Respeito ao diferente
No Brasil, pessoas de todas as classes sociais parecem esquecer que a discordância é parte natural — e intrínseca — do jogo democrático
O Brasil atual virou um terreno fértil para a intolerância, lugar onde quebrar placas que homenageiam adversários políticos assassinados ou destruir obras de uma exposição de arte são atos encarados com certa naturalidade, visto que nada acontece com seus autores. A última façanha às avessas nesse campo foi protagonizada por um até então obscuro deputado federal, Coronel Tadeu, representante do PSL de São Paulo e membro da chamada bancada da bala. Revoltado com a charge que retratava um policial que acabara de matar um jovem afrodescendente algemado, o parlamentar arrancou da parede, rasgou e pisoteou o trabalho, que fazia parte de uma mostra da Câmara para o Dia da Consciência Negra. Confiante na impunidade de sua ação e na boa repercussão que teria em sua claque, ele gravou o ato e postou as vexaminosas imagens nas redes sociais. Em sua defesa, Coronel Tadeu disse que o desenho era “nitidamente ofensivo aos policiais”, sua corporação de origem.

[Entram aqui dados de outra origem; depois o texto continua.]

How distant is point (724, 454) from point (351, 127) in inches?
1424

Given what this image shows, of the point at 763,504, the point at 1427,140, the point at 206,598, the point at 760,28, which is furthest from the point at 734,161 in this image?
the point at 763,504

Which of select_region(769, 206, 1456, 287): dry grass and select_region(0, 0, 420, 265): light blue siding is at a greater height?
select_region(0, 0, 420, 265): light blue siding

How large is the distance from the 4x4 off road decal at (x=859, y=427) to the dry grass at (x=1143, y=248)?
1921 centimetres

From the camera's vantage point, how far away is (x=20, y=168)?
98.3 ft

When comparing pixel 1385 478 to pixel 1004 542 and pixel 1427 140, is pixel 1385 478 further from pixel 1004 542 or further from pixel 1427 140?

Existem, evidentemente, números contundentes para justificar a ilustração feita pelo cartunista Carlos Latuff. De acordo com o Fórum Brasileiro de Segurança Pública, 75% das pessoas mortas por policiais militares entre 2017 e 2018 eram negras. Isso não significa necessariamente que toda a atividade dos agentes e oficiais seja permeada de discriminação racial — até porque um contingente importante deles tem pele parda. O debate é muito mais complexo, passando também por dados socioeconômicos e falta de treinamento das forças de segurança. Mas a questão maior por trás do episódio não é a discussão sobre a defesa da polícia, a existência de criminosos de farda ou o (suposto) racismo do deputado. Sem entrar no debate em si, o que choca na história toda é a banalização de uma reação destemperada e autoritária. Insatisfeito com o que considerou uma afronta aos colegas de corporação, Coronel Tadeu tomou a atitude daqueles que não toleram um pensamento contrário ao seu: eliminou o “foco de oposição”.

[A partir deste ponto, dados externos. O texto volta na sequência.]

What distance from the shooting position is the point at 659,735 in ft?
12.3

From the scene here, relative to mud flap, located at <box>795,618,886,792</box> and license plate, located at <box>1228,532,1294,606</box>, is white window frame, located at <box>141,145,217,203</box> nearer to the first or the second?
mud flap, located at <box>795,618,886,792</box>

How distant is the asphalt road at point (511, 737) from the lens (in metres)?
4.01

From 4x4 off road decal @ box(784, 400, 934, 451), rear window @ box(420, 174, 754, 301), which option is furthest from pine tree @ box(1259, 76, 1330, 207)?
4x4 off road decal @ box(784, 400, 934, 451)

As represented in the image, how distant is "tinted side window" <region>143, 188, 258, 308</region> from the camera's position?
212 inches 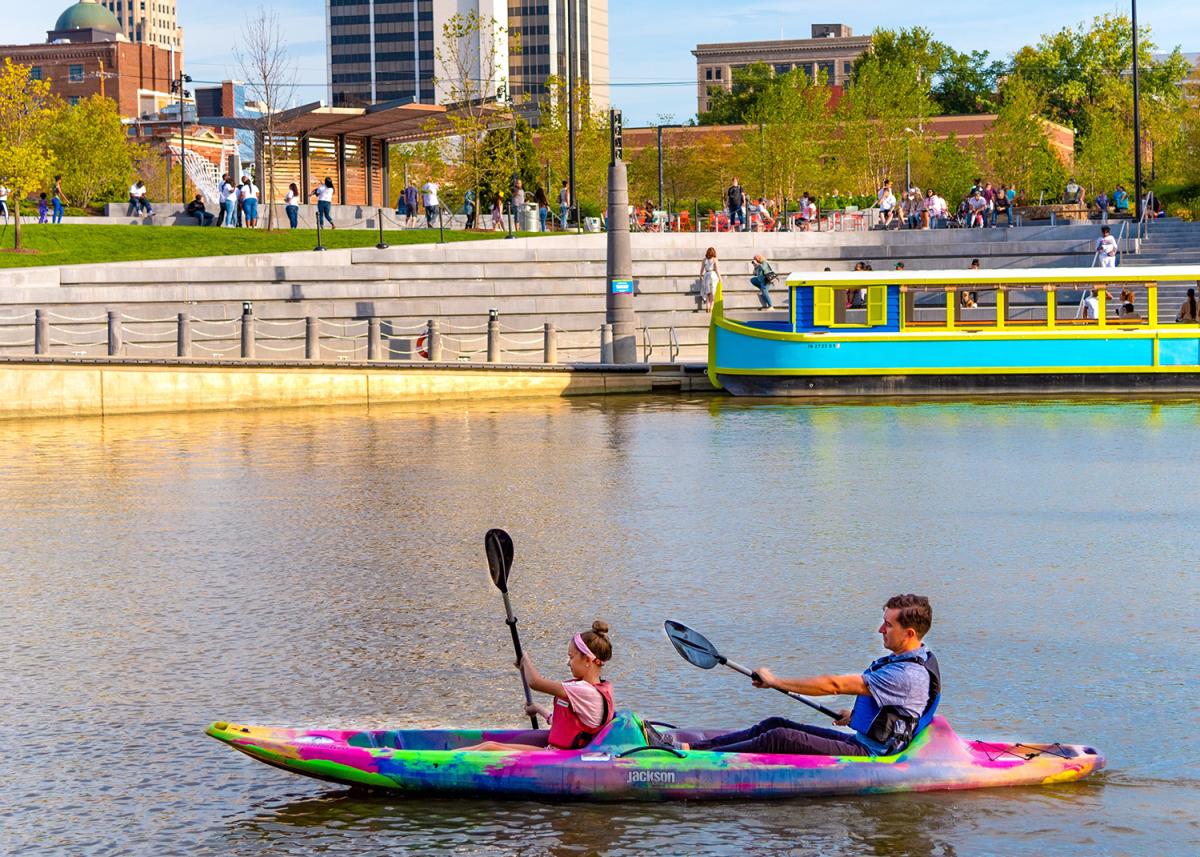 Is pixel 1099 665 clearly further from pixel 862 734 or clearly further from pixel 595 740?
pixel 595 740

Infelizmente, tal desatino tem se repetido com frequência cada vez maior no Brasil. Pessoas de todas as classes sociais e atividades profissionais parecem esquecer que a discordância é parte natural — e intrínseca — do jogo democrático. Por isso, atos que não respeitam essa dinâmica, como o do parlamentar do PSL, precisam ser denunciados e punidos. Afinal, o que começa hoje como um simples gesto de intempestividade pode ser uma ameaça mais adiante à democracia. Causam muita preocupação, por exemplo, as ideias apregoadas por deputados, movimentos e até “jornalistas” de fechamento do Supremo Tribunal Federal ou intervenção do órgão. Há tempos o STF é vítima de uma campanha ininterrupta nas redes e nas ruas. Nas manifestações a favor do governo, jogam-se tomates em fotos de seus ministros. Na internet, produzem-se centenas de memes, ironizando a Corte. Enquanto a oposição permanecer no terreno da crítica, tudo bem. Ninguém é obrigado a concordar calado com 100% das decisões do Supremo (VEJA, aliás, não concorda com todas elas). No entanto, é fundamental, como manda a Constituição, defender a liberdade do STF para que tome suas decisões — e respeitá-las quando elas são anunciadas.